**EXERCISE**
An exact transcription of every entry is required, with the images left out.

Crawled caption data
::::::::::
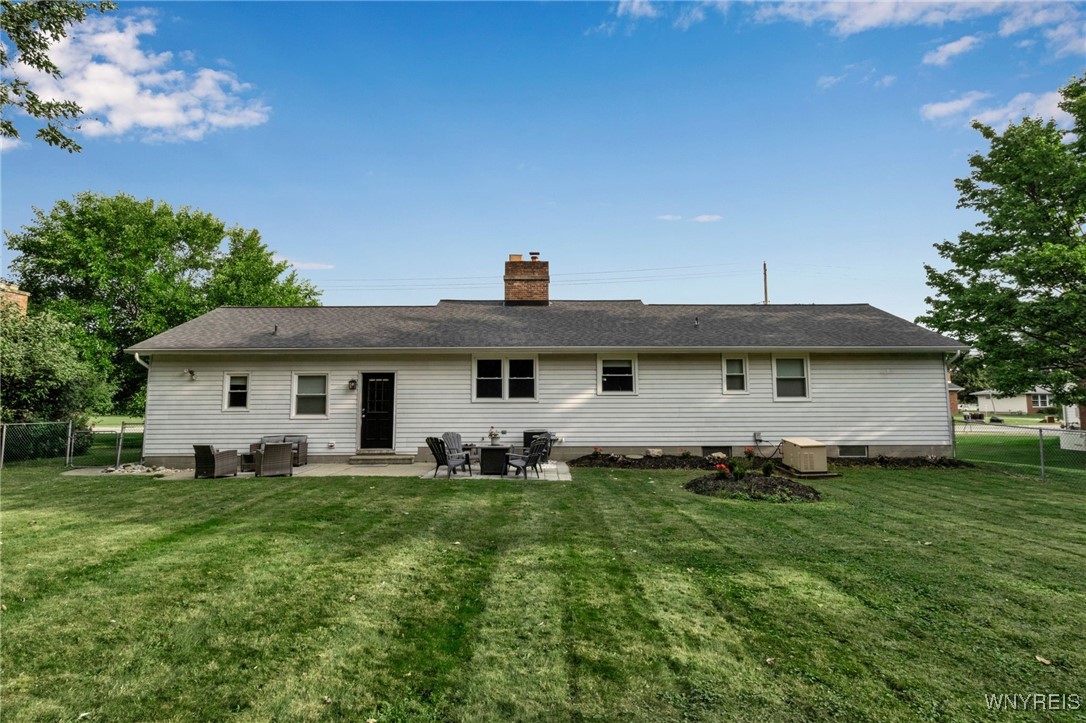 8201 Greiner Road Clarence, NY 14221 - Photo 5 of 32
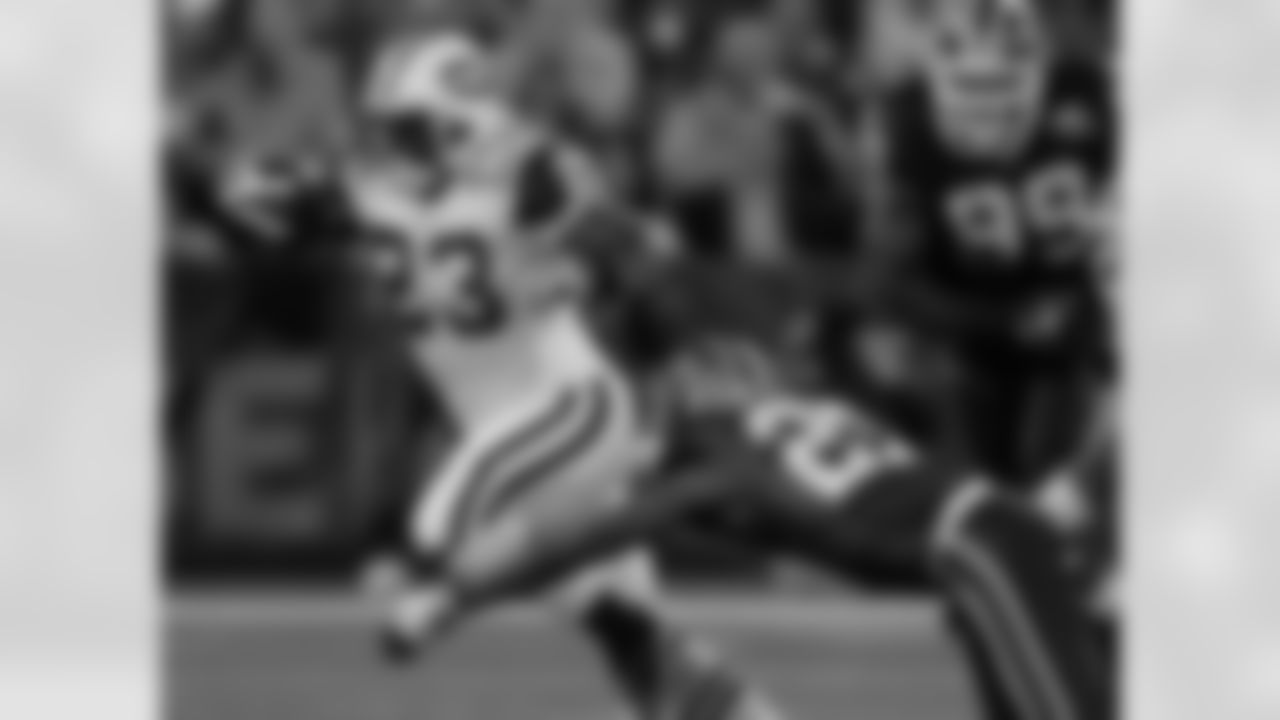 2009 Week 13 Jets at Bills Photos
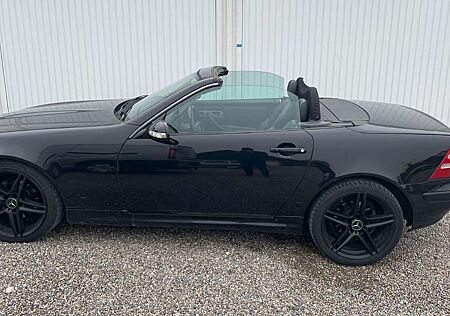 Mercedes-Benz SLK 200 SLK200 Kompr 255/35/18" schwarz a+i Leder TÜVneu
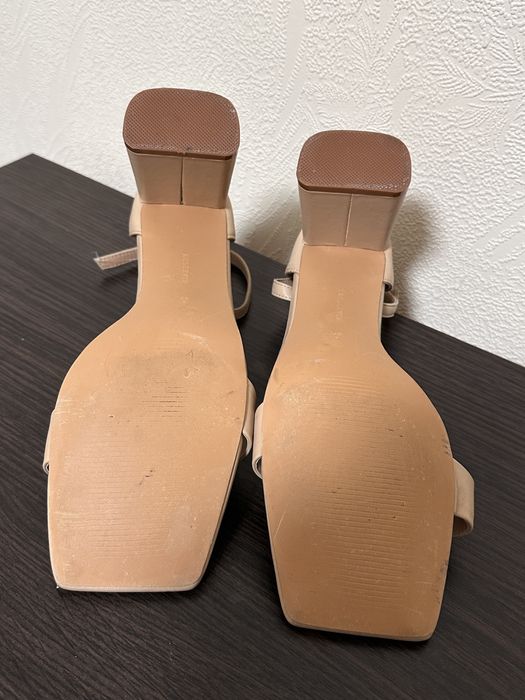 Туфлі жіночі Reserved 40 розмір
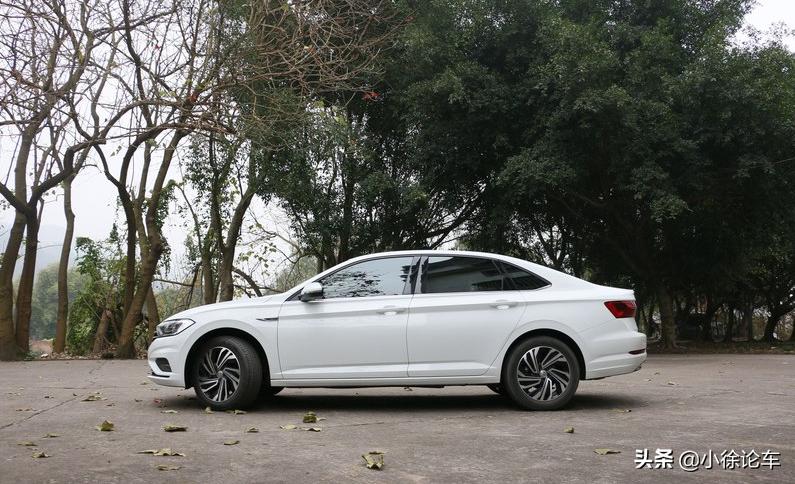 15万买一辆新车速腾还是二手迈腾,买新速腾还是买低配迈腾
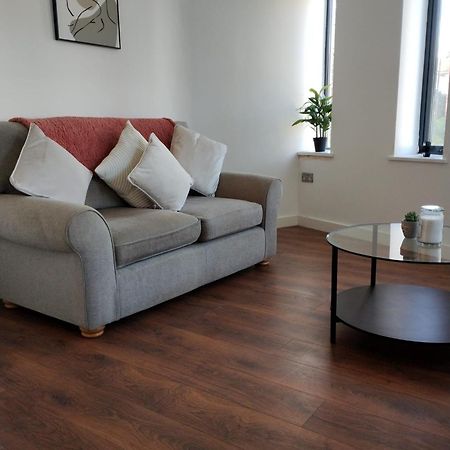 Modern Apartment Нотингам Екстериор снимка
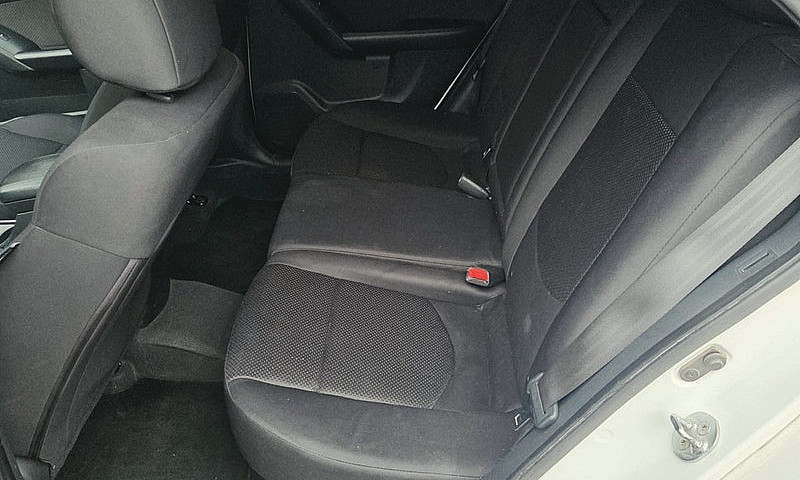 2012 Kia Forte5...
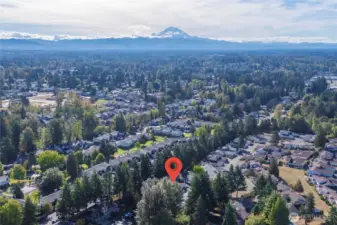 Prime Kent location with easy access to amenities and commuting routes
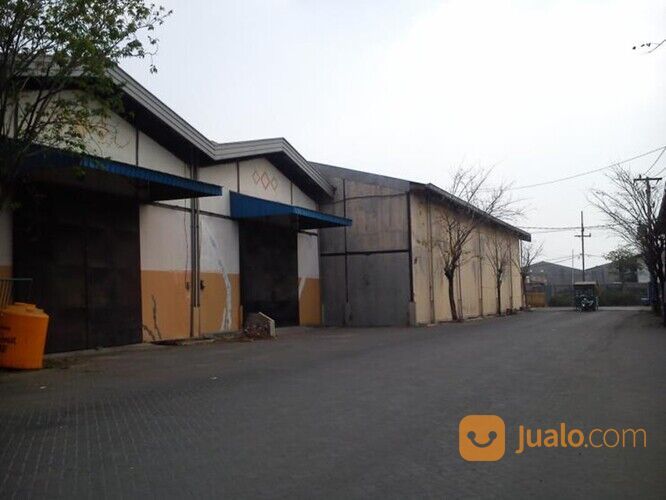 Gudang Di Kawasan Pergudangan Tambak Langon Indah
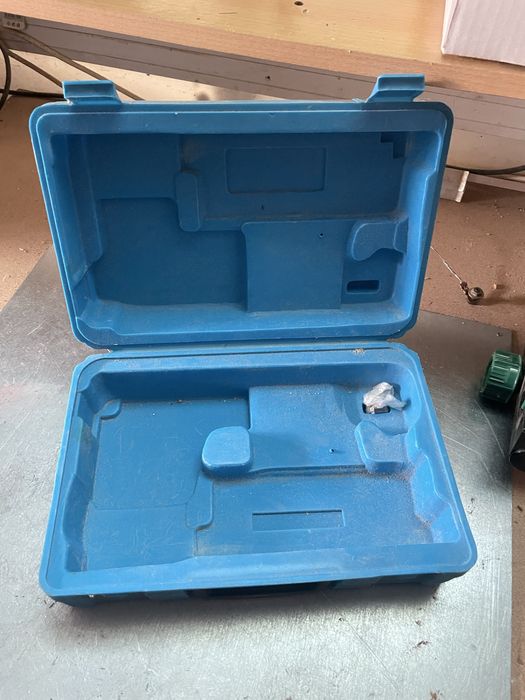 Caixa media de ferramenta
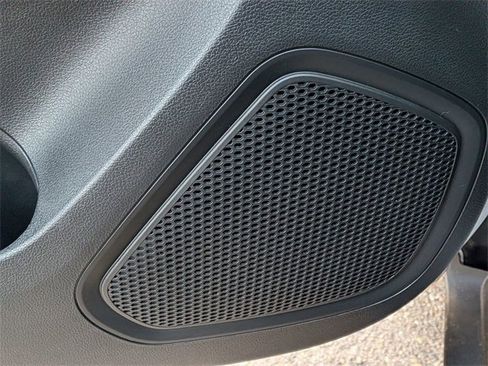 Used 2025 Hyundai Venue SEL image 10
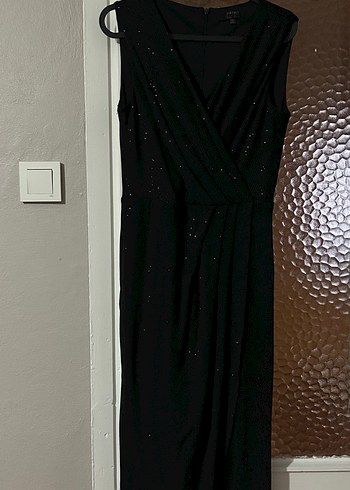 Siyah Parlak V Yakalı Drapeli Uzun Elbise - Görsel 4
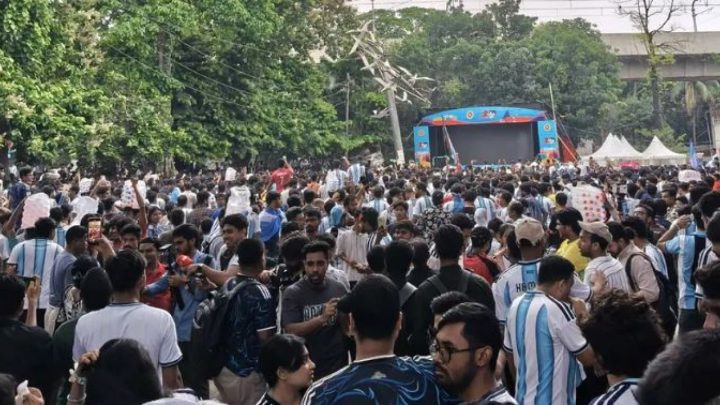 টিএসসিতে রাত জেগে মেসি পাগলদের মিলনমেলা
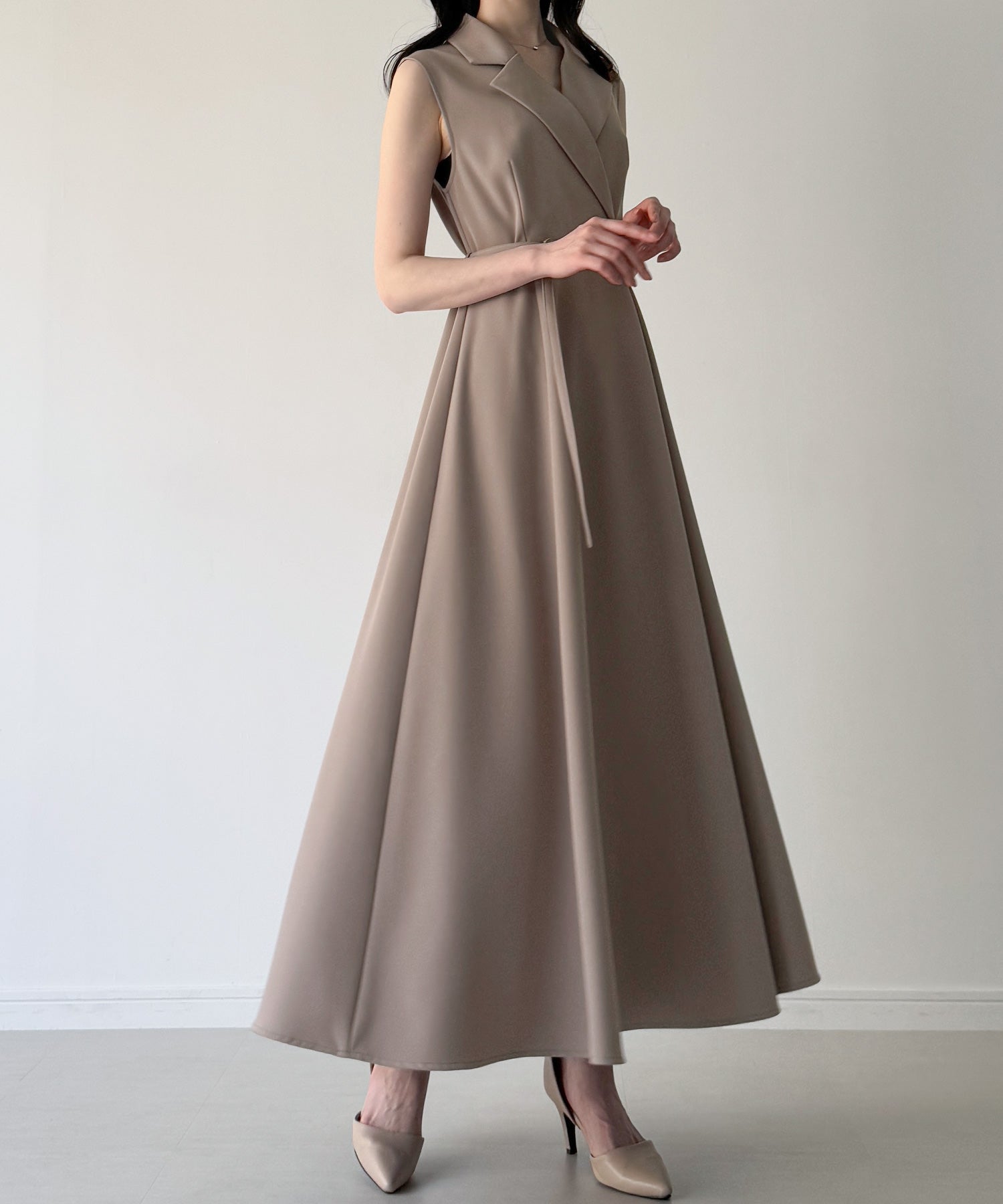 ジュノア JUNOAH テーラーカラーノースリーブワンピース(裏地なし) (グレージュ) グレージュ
::::::::::
**EXERCISE SOLUTION**
 8201 Greiner Road Clarence, NY 14221 - Photo 5 of 32
 2009 Week 13 Jets at Bills Photos
 Mercedes-Benz SLK 200 SLK200 Kompr 255/35/18" schwarz a+i Leder TÜVneu
 Туфлі жіночі Reserved 40 розмір
 15万买一辆新车速腾还是二手迈腾,买新速腾还是买低配迈腾
 Modern Apartment Нотингам Екстериор снимка
 2012 Kia Forte5...
 Prime Kent location with easy access to amenities and commuting routes
 Gudang Di Kawasan Pergudangan Tambak Langon Indah
 Caixa media de ferramenta
 Used 2025 Hyundai Venue SEL image 10
 Siyah Parlak V Yakalı Drapeli Uzun Elbise - Görsel 4
 টিএসসিতে রাত জেগে মেসি পাগলদের মিলনমেলা
 ジュノア JUNOAH テーラーカラーノースリーブワンピース(裏地なし) (グレージュ) グレージュ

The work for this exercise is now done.